The Big House is now owned by a private individual as the Fitzwilliam heritage died out with no heirs who could afford to maintain what is, in fact, the largest country house in England with the longest frontage of any in Europe.

Much of the land around the house was destroyed by open-cast mining after the Second World War when the government policy of the day was to take over privately-owned mines, but today the land is gradually being improved and settling back into rural and leisure use and the village is one of the best kept in the area.

Here are some more views of part of the village from the back lanes.

The spire of the present parish church, Holy Trinity, can be seen from all directions.

Some of the allotments from one of the back lanes.

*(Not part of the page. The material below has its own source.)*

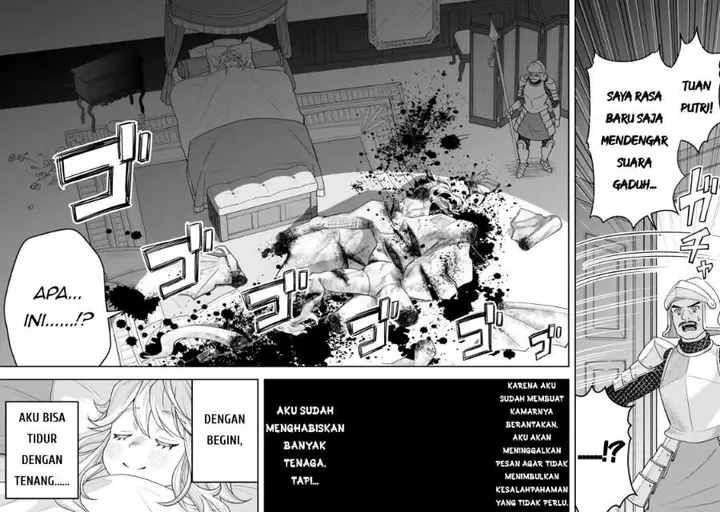 image-komik-zettai-shinanai-stella-hime-chapter-1-54/65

The former Methodist Chapel, which is now a private residence.

A pretty cottage garden.

There's a bistro in the main street which was once the busy blacksmith's shop.  Now the small forge in the Builder's Yard creates ornamental items since times have changed!  (For example, the 18th century stable block on the estate had room for 84 horses for riding and driving coaches and carriages with a large riding school attached).  

The beacon, like many others, was set up for the millennium celebrations.

There's a family-owned garden centre which was part of the formal gardens of the Big House.It's a popular place to visit for purchasing plants with many other features and I will write about this another time.

You can see the old wall which enclosed this area of the estate.


  1. really big and really beautiful. i see a green pump in one of the garden shots that i really like. beautiful gardens. on a funny ha ha note, i read see the Spirit of present parish church and went what? read it again and saw spire... senior moments are so fun

  2. I had heard of Wentworth, though not sure why as I do not think I had ever seen any photos before today, thanks for the tour.

  3. What an intriguing book you could make from your photos and the history you share.

  4. I'm crazy about the new header today...old ruins combined with modern festival tents...such a fun contrast.

  5. Not only did I love these super photos of yours but I also enjoyed the history you put in your post. Great to read, thank you.

  6. p.s. meant to mention what a fantastic header photo too.

  7. Well, I had to go back and find the green pump in one of the allotments after reading Sandra's comments and laughed at the 'spirit' of!:>) I like the pump too and sometimes I totally mess up a word and think, "What in the world?!" Then I go back and reread and do the "Ahhh, duh!" moment.

    My mouth literally dropped open at the sight of that house. I checked and it was open. The huge estates never cease to amaze me. I can't even wrap my head around living in the servants' quarters, you know? Astonishing, always.
    Beautiful too.
    I too love how you tell us the history of what we are seeing. It makes it all so interesting and even more incredible. I always feel like I'm taking a little escape trip when I visit here. Feeling blue? Go for a spin at Tapestry!;>)

    Your header is esp. cool too with the combination of old and new.